Short text fragments from websites
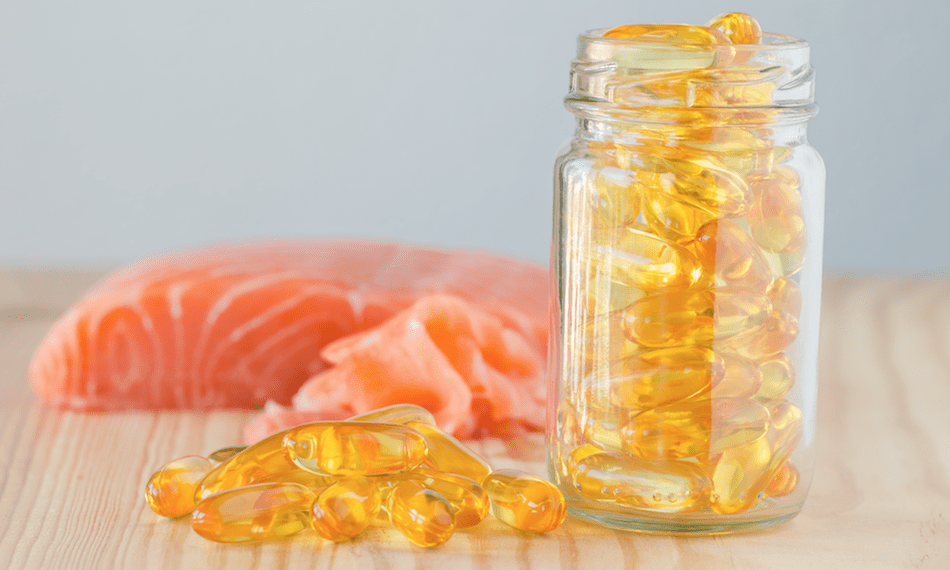 Salmon oil: Promoting pet wellness during and after lockdown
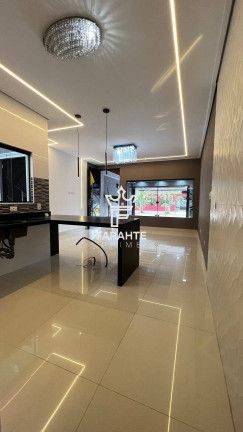 Imagem Casa com 3 Quartos à Venda, 115 m² em Caiçara - Praia Grande Imagem Casa com 3 Quartos à Venda, 115 m² em Caiçara - Praia Grande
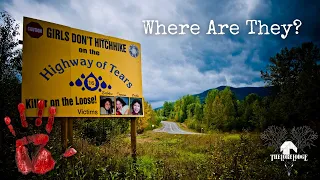 North America's Hidden Epidemic: MMIW | Podcast Episode 100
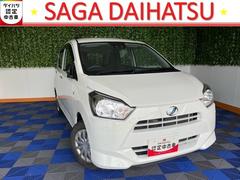ミライース 中古車 Ｌ　ＳＡＩＩＩＣＤオーディオ・エコアイドル・コーナーセンサー・オートハイビーム・キーレスエントリー・エアコン・パワーウィンドウ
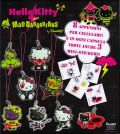 Hello Kitty and Mad Barbarians - Sanrio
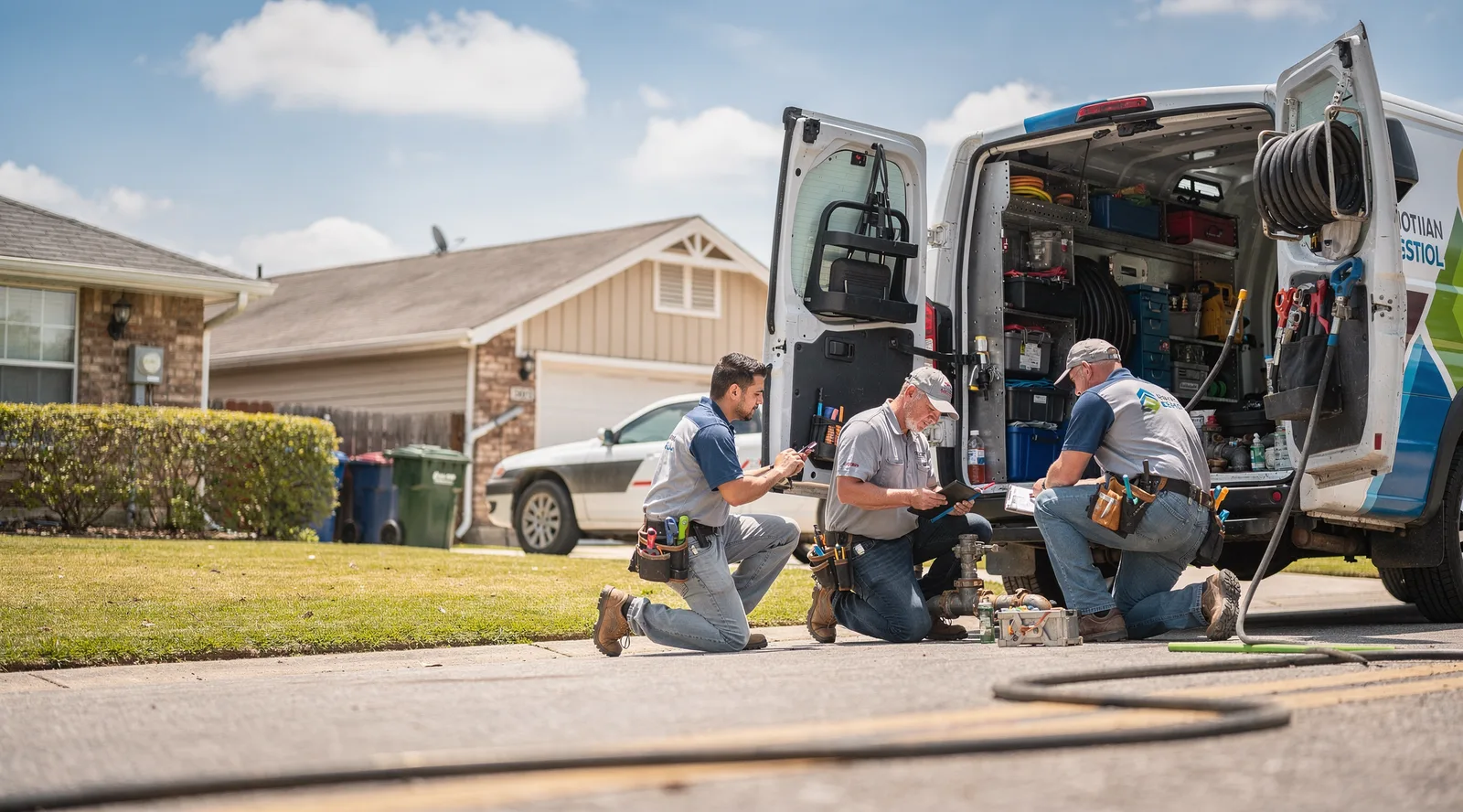 Emergency Plumber in Fawn Grove, PA near me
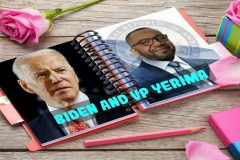 Southern Cameroons Crisis: Yerima urges US President and Vice President-elect to support the IG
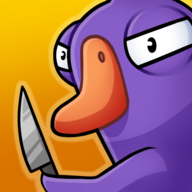 太空鹅鸦杀中文版下载-太空鹅鸦杀手机版(Goose Goose Duck)v2.19.02 最新版
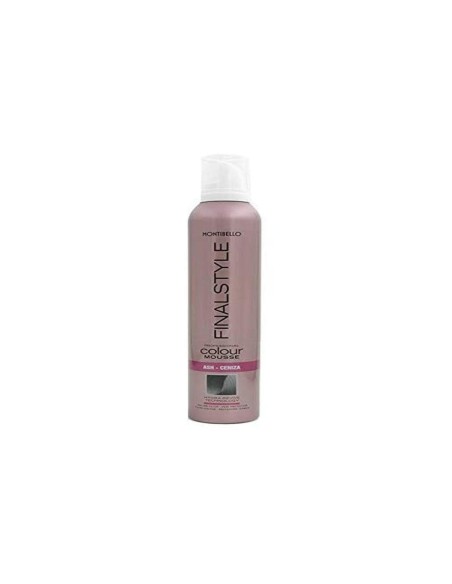 Foam Montibello Finalstyle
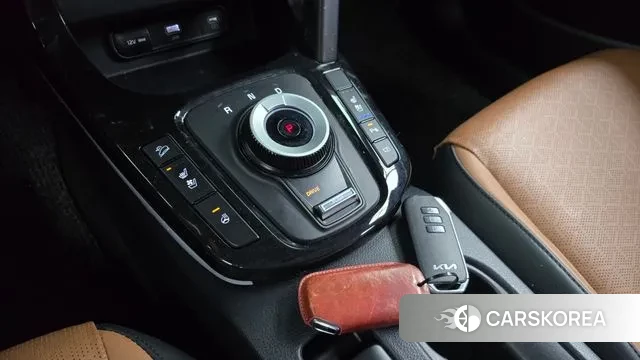 Kia The New Seltos id 3711848 из Кореи 19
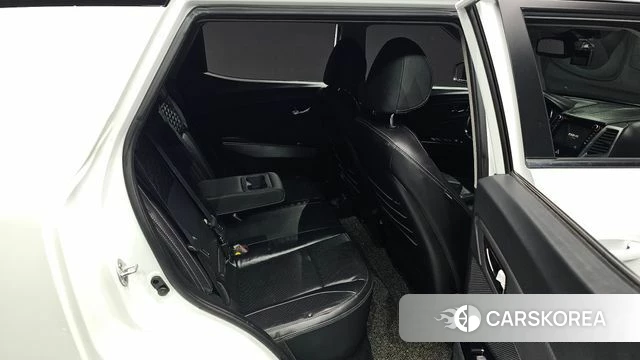 Ssangyong Tivoli Armor 2019 Белый из Кореи, фото 2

▶ Task to carry out: With pictures left out, repeat exactly the lines from the line bearing "Foam Montibello Finalstyle" through the final line of the records above.

▶ Finished task:
 Foam Montibello Finalstyle
 Kia The New Seltos id 3711848 из Кореи 19
 Ssangyong Tivoli Armor 2019 Белый из Кореи, фото 2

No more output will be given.